Potremmo proseguire nell’analisi e sviscerare investimento per investimento, ma basta un semplice sguardo alle ultime bozze per appurare quanto il Recovery Plan italiano, almeno per ora, si risolva in una complessa serie di voci di bilancio mancanti di una visione organica: è lei la grande assente di queste pagine su cui si decide il futuro (anche) delle nuove generazioni.

A tal proposito, non sbaglia #UnoNonBasta a prendere ad esempio il piano francese, dove il tema delle nuove generazioni è articolato e studiato con precisione, tanto da occupare più di 50 pagine rendendolo l’argomento più cospicuo del testo. Non parliamo solo di politiche attive: istruzione, sport, lavoro, volontariato, formazione sanitaria sono solo alcune delle voci attraverso cui la Francia andrà a intervenire sul futuro delle nuove generazioni in un’ottica di investimenti aggregati.

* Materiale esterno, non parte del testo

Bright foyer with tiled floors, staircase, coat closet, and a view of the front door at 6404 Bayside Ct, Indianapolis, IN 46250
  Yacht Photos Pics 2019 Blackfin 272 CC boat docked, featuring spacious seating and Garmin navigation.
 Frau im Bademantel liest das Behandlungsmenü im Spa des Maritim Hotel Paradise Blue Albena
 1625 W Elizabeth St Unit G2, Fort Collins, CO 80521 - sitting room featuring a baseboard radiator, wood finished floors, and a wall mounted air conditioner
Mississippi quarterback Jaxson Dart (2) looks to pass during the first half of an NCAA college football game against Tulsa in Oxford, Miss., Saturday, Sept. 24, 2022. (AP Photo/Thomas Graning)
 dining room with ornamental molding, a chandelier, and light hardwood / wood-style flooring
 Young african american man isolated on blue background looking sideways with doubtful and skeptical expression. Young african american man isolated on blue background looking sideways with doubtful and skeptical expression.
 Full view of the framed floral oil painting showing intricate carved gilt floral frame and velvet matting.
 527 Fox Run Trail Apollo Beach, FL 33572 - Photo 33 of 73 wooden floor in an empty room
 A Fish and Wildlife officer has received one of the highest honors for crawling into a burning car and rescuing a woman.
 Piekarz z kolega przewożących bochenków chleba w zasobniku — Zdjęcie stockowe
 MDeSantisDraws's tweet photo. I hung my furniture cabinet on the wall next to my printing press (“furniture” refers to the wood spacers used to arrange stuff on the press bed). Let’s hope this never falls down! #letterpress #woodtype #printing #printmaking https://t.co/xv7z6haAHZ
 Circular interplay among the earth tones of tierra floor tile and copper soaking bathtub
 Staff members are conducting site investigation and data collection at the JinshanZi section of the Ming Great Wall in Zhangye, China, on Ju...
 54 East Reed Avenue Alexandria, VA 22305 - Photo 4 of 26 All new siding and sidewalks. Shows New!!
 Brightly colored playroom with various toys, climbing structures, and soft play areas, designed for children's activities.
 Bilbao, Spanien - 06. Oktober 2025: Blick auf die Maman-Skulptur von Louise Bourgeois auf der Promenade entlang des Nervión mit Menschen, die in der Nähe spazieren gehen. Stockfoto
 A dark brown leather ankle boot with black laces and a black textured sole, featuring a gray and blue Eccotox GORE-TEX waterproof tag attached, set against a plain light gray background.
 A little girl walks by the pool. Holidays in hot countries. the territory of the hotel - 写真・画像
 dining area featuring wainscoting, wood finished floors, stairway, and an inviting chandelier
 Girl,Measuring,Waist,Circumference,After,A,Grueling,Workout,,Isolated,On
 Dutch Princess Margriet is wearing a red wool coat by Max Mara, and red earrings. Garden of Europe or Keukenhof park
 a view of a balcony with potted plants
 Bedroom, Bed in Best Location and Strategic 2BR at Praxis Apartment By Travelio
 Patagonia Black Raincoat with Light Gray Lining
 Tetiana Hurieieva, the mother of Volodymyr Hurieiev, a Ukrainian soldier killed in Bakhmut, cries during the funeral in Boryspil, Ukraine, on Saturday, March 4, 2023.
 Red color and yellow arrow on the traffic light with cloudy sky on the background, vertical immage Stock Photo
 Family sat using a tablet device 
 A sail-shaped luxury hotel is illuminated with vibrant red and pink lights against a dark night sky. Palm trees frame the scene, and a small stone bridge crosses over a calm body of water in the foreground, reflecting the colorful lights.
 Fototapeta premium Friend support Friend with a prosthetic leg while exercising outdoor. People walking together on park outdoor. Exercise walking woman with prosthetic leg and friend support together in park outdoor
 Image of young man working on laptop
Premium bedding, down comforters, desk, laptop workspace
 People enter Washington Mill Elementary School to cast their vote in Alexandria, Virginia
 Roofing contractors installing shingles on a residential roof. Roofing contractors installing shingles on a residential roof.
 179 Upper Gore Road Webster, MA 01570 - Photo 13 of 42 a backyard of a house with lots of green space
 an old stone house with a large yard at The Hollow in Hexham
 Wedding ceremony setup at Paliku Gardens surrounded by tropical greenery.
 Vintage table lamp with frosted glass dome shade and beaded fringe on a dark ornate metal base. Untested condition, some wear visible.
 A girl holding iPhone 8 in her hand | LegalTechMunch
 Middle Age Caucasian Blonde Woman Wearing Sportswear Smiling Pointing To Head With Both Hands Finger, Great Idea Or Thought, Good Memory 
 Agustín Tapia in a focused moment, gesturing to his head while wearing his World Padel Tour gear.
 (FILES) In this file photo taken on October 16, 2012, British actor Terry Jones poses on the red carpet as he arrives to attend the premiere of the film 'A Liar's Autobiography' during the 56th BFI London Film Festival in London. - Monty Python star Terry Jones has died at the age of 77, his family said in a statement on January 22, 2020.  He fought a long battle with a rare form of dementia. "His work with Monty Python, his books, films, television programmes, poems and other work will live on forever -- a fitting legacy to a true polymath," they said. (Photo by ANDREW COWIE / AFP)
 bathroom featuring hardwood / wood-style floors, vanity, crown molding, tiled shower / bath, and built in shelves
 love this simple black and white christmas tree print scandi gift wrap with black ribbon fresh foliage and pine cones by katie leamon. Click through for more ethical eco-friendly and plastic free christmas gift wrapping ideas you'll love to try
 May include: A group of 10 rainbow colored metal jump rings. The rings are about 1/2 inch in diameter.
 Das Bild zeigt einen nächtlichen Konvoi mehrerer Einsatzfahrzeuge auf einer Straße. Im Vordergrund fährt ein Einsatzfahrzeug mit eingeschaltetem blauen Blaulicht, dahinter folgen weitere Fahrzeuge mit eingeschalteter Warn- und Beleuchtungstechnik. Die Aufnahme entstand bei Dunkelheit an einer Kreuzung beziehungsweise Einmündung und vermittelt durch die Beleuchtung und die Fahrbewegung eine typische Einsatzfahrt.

In attesa di avere tra le mani un piano definitivo, la nostra generazione si deve insomma accontentare della campagna per alzare l’1%. Ma dobbiamo farlo con la consapevolezza che non basterà un aumento – anche importante – delle risorse dedicate alle politiche per il lavoro dei giovani ad assicurarci un futuro migliore: problemi strutturali chiamano critiche organiche, ça va sans dire.